All of the data goes into your copy exactly as written. Images do not.

> [Short web captions]
*** Block opens ***
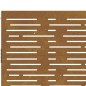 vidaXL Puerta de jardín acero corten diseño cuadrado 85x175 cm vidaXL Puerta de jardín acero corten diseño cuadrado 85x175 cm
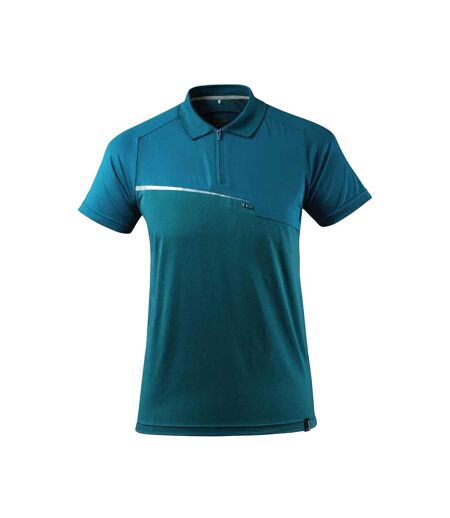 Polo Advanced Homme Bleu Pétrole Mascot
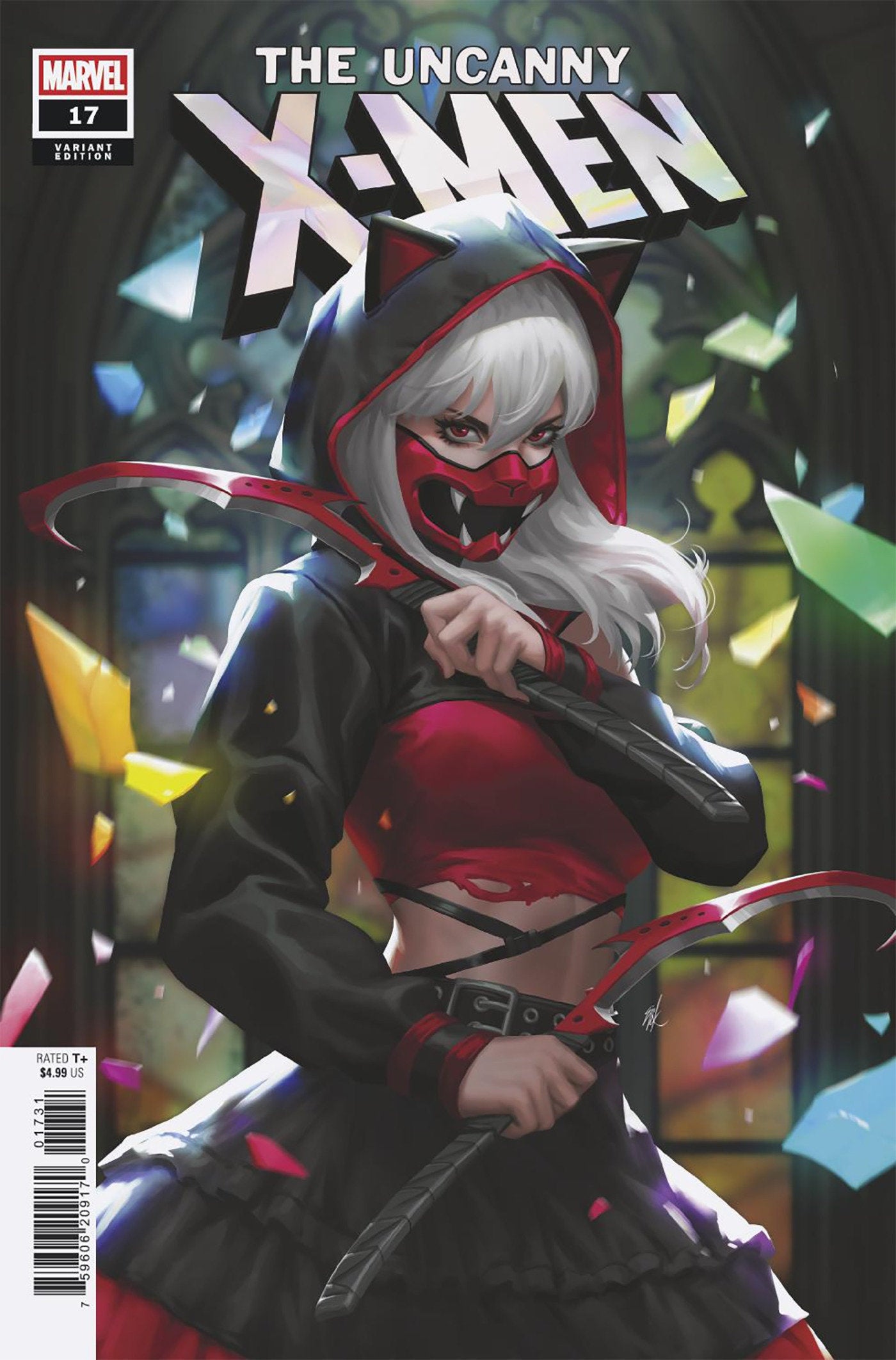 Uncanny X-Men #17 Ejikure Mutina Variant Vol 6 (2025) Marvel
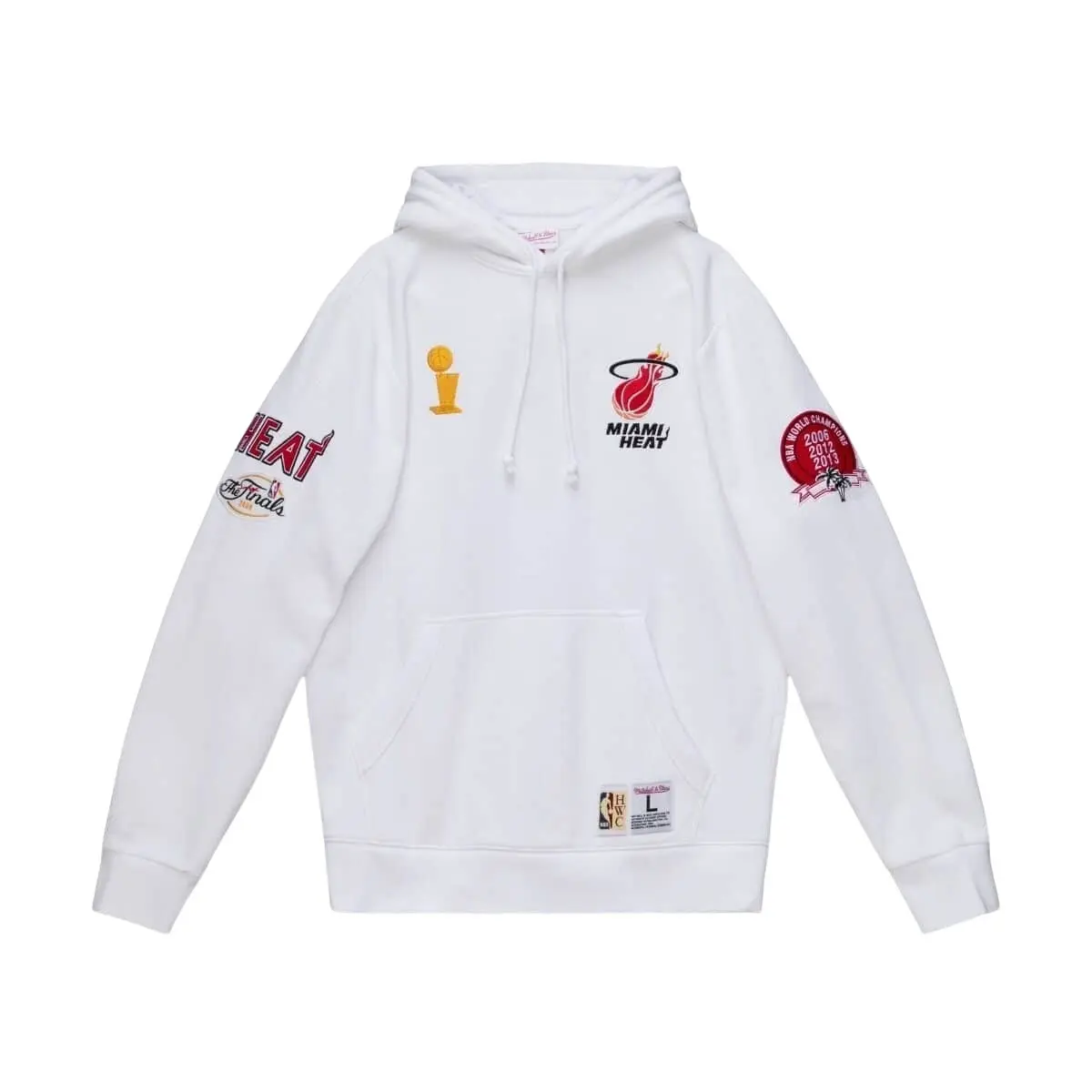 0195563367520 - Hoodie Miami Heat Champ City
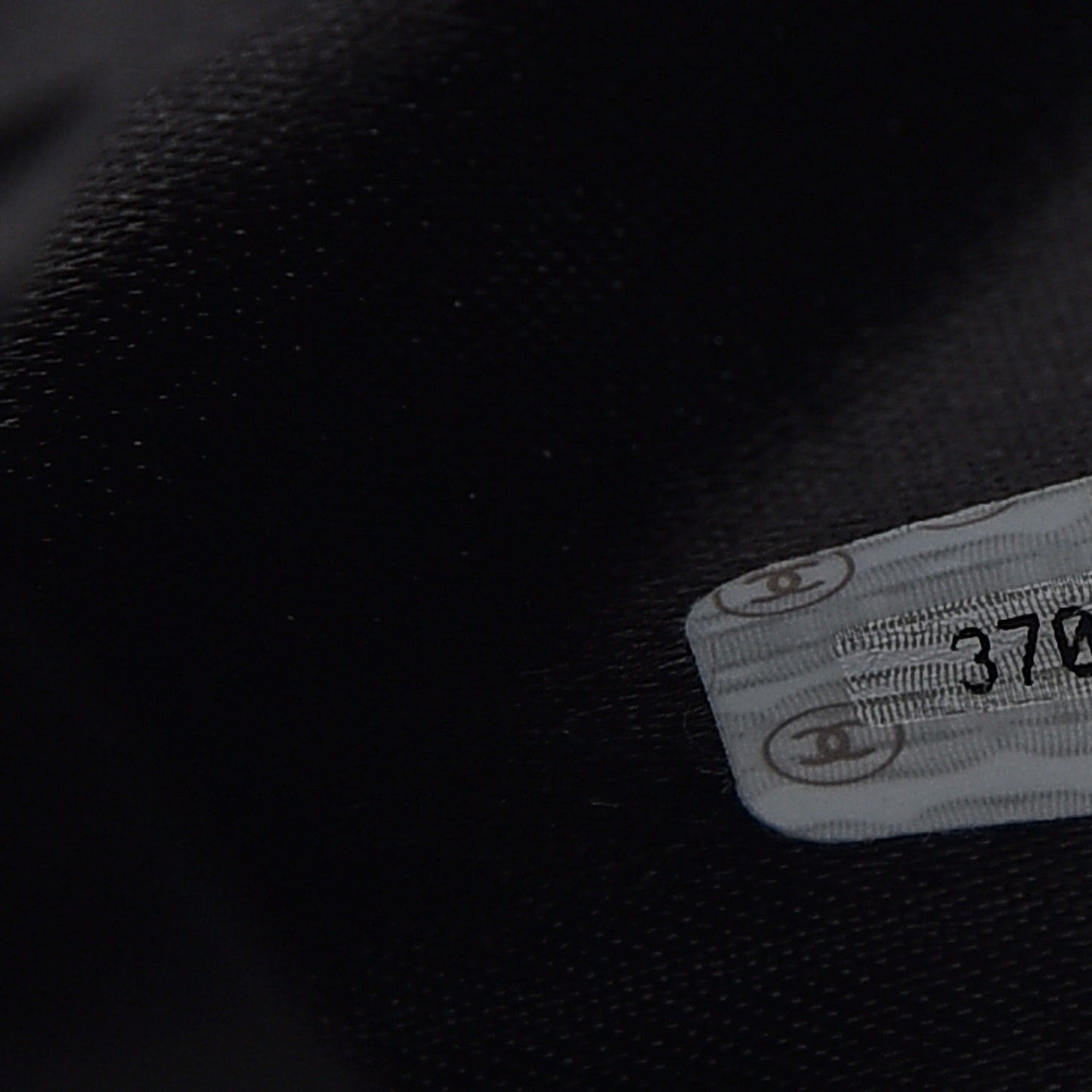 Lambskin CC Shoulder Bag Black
*** Block closes ***
> [WRITTEN SOLUTION]
 vidaXL Puerta de jardín acero corten diseño cuadrado 85x175 cm vidaXL Puerta de jardín acero corten diseño cuadrado 85x175 cm
 Polo Advanced Homme Bleu Pétrole Mascot
 Uncanny X-Men #17 Ejikure Mutina Variant Vol 6 (2025) Marvel
 0195563367520 - Hoodie Miami Heat Champ City
 Lambskin CC Shoulder Bag Black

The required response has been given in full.